**EXERCISE BRIEF:**
An exact transcription is needed, beginning at the line with "Coco 4 seater" and ending at the last line of the listing, with pictures left out and nothing else added.

>>>>

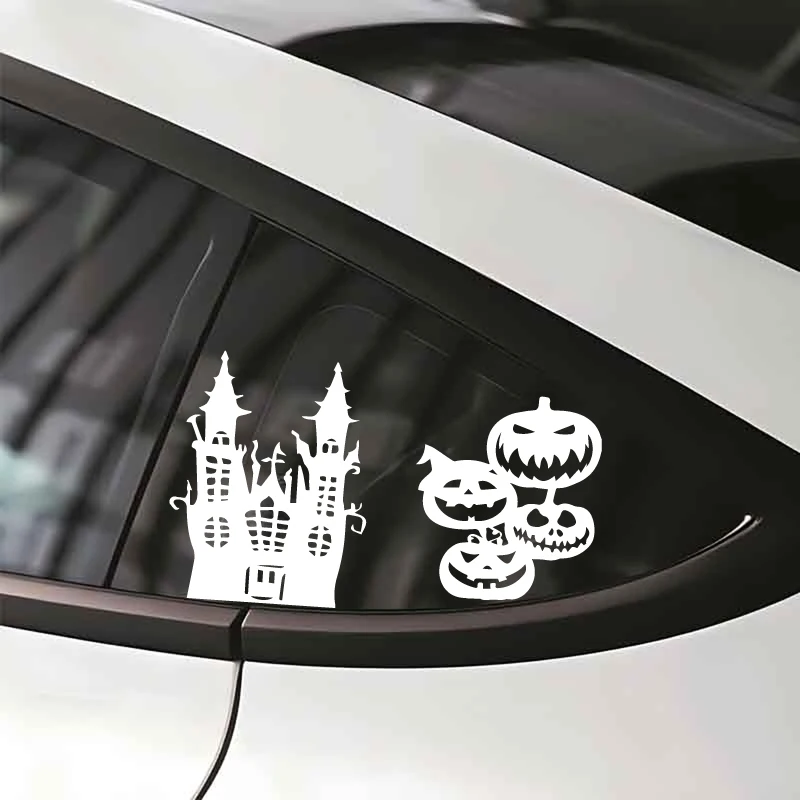 6pcs Halloween Decorative Stickers Castle Pumpkin Lantern Ghost Skull Waterproof  High Quality decal for  car ,window Stickers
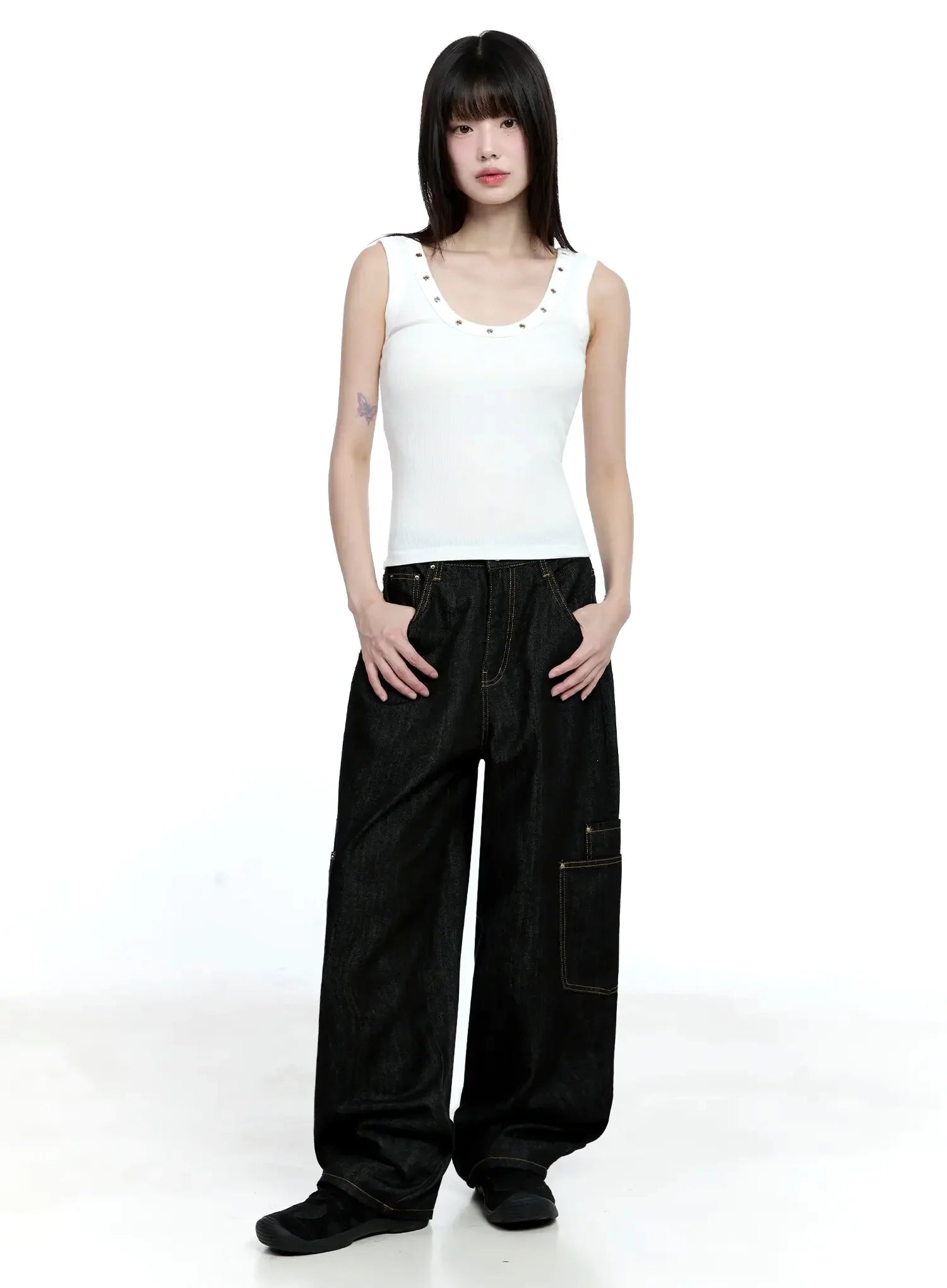 Edgy Eyelet Tank Top IG508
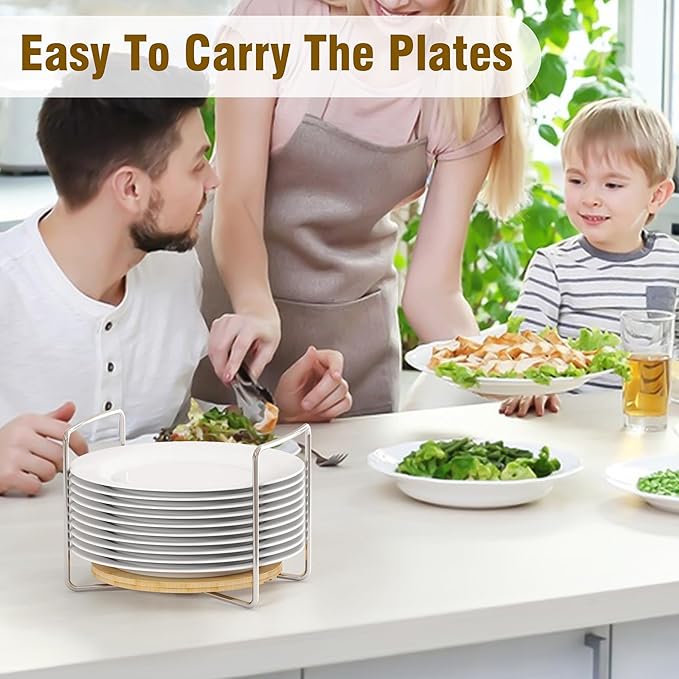 Dish Rack for Kitchen Counter - Bamboo Plate Organizer for Cabinet Space Saver, 2Pcs Adjust 8.5" to 12.5" Stainless Steel Plate and Bowl Holder with Portable Handle for Drawer Cupboard Shelf RV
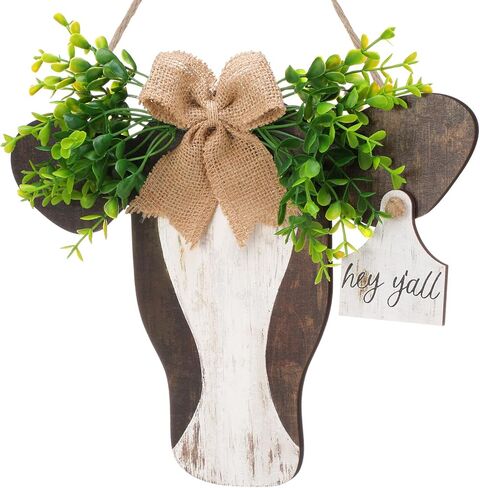 Cow Head Door Sign Wooden Cow Welcome Hanger with Bow and Leaves Retro Farmhouse Hanging Hanger for Front Door Porch Indoor Outdoor Home Decor in Saudi Arabia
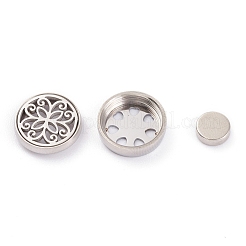 304 Stainless Steel Magnetic Diffuser Locket Aromatherapy Essential Oil Buckle&nbsp;AJEW-M027-03P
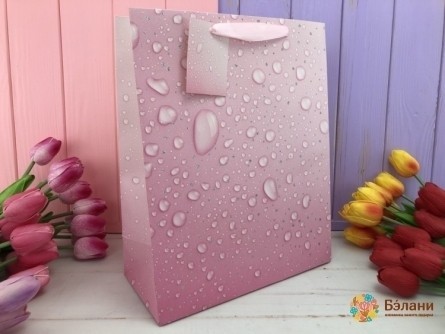 Подарочный пакет "Water drops" S розовый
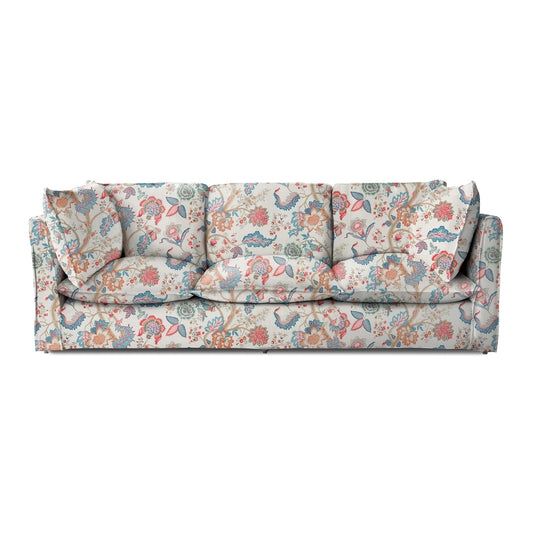 Coco 4 seater sofa with Knife Edge cushion in Kitty Indian Summer - Made to Order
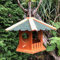 DARLUX Vogel Futter Haus Ø 30 cm Futterstelle Sechseck aus Holz Vogelhaus zum Aufängen Braun und verschiedenen Dachfarben und Größen (Klein, Braun/Grün)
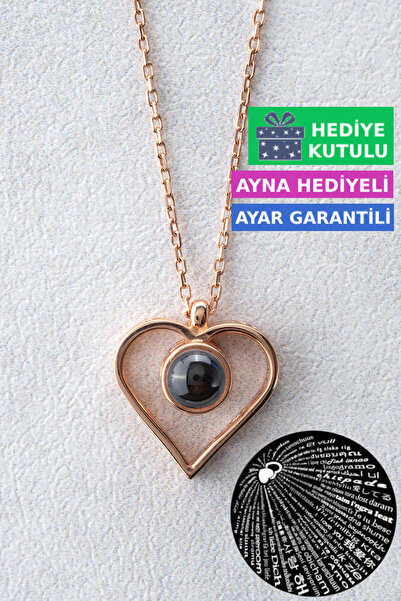 Jewelmim Yüz 100 Dilde Seni Seviyorum Yazan 18 Ayar Rose Altın Kaplama 925 Ay...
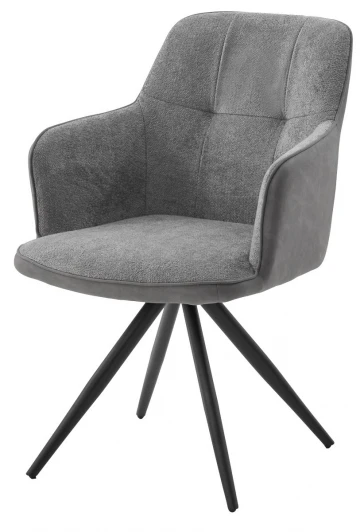 472M06082 Стул НОРМАН 360 град., цвет BELLA-13/CYPRUS-10 серый, шенилл/замша / черный каркас M-City 64625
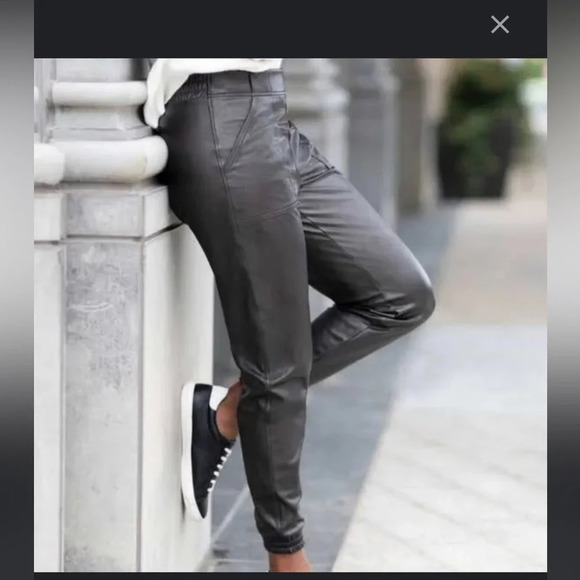 SPANX Faux Leather Jogger black brown high rise pull on large - Picture 12 of 13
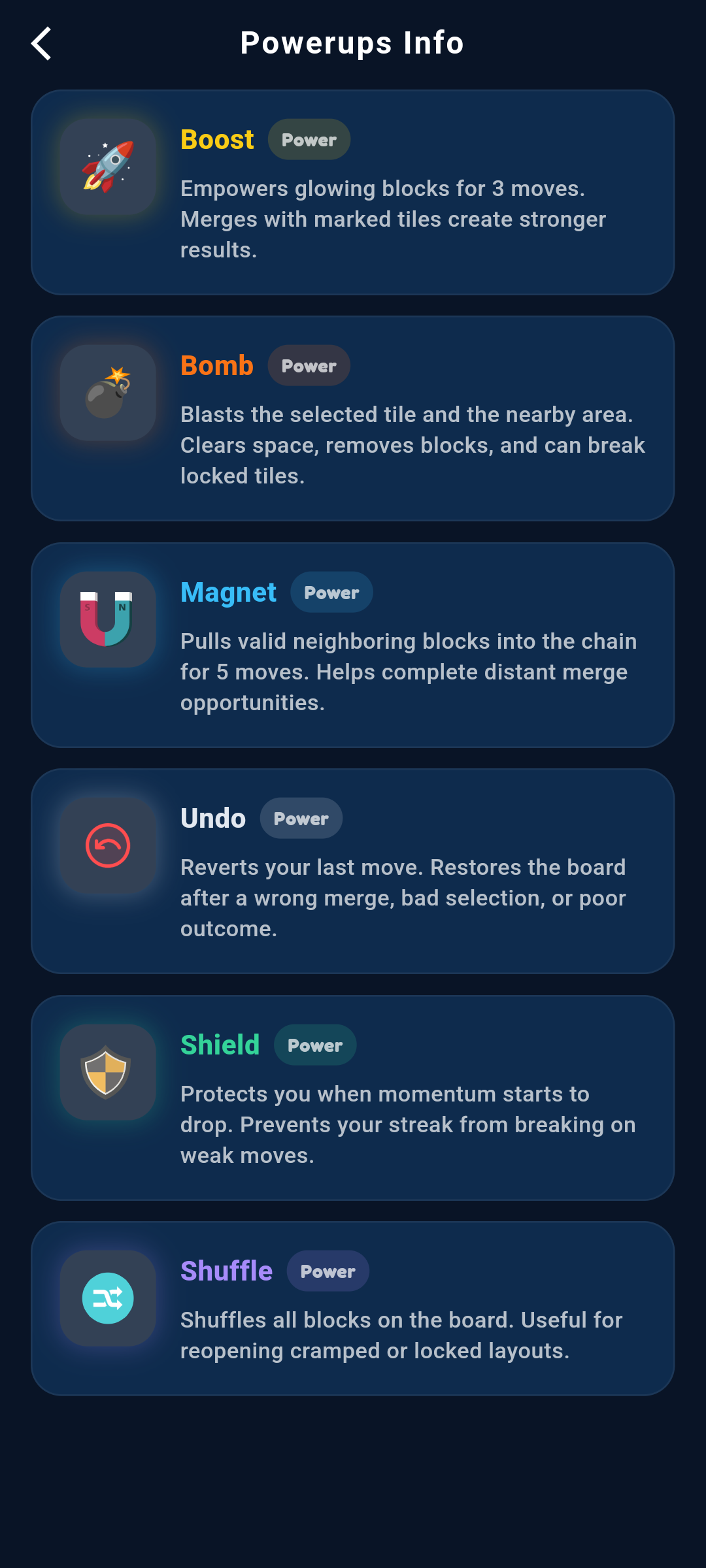 Merge Infinity powerups info screen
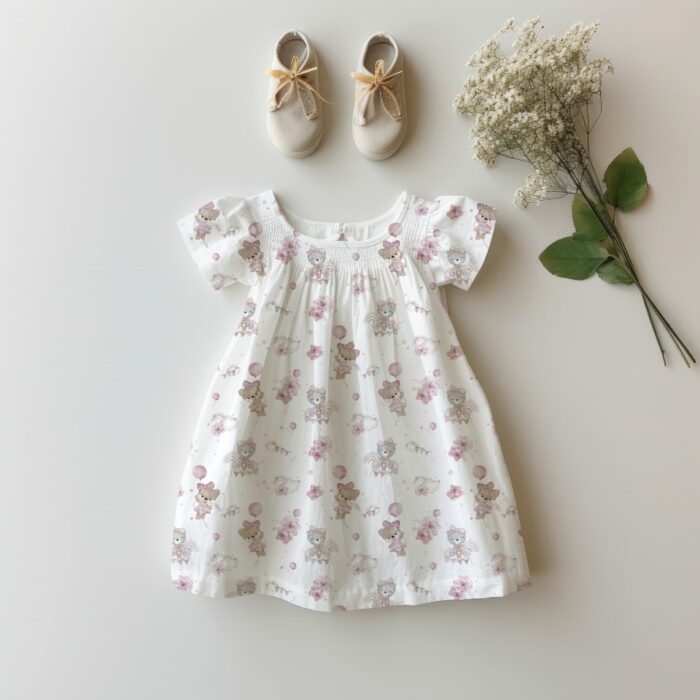 Tissu Imprimé Fille Ourson Rose, 4 coloris et 11 tissus au choix – Image 4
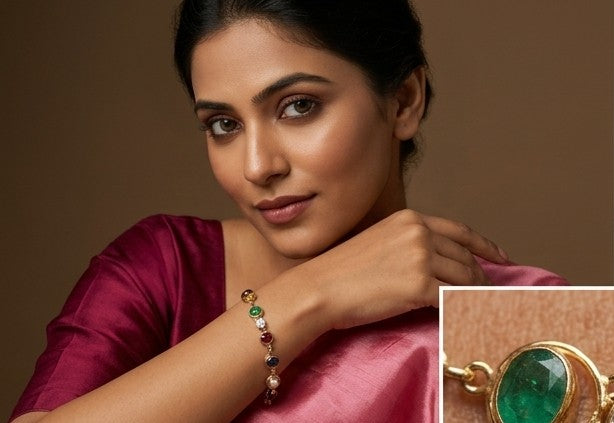 Delicate Navratna-Inspired Wirework Link Bracelet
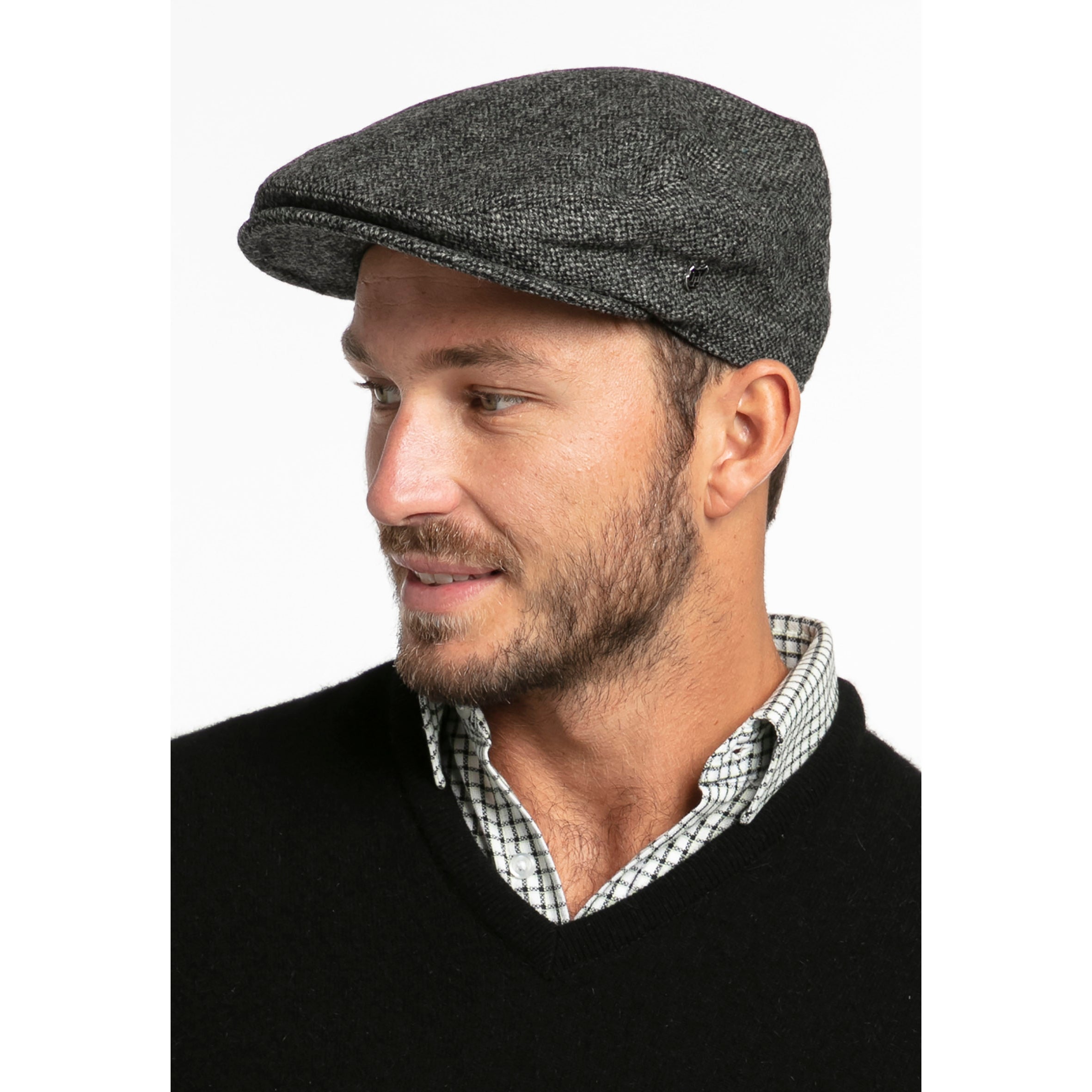 Donegal Tweed Cheesecutter Black The Wool Company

<<<<

**PROBLEM SOLUTION:**
 Coco 4 seater sofa with Knife Edge cushion in Kitty Indian Summer - Made to Order
 DARLUX Vogel Futter Haus Ø 30 cm Futterstelle Sechseck aus Holz Vogelhaus zum Aufängen Braun und verschiedenen Dachfarben und Größen (Klein, Braun/Grün)
 Jewelmim Yüz 100 Dilde Seni Seviyorum Yazan 18 Ayar Rose Altın Kaplama 925 Ay...
 472M06082 Стул НОРМАН 360 град., цвет BELLA-13/CYPRUS-10 серый, шенилл/замша / черный каркас M-City 64625
 SPANX Faux Leather Jogger black brown high rise pull on large - Picture 12 of 13
 Merge Infinity powerups info screen
 Tissu Imprimé Fille Ourson Rose, 4 coloris et 11 tissus au choix – Image 4
 Delicate Navratna-Inspired Wirework Link Bracelet
 Donegal Tweed Cheesecutter Black The Wool Company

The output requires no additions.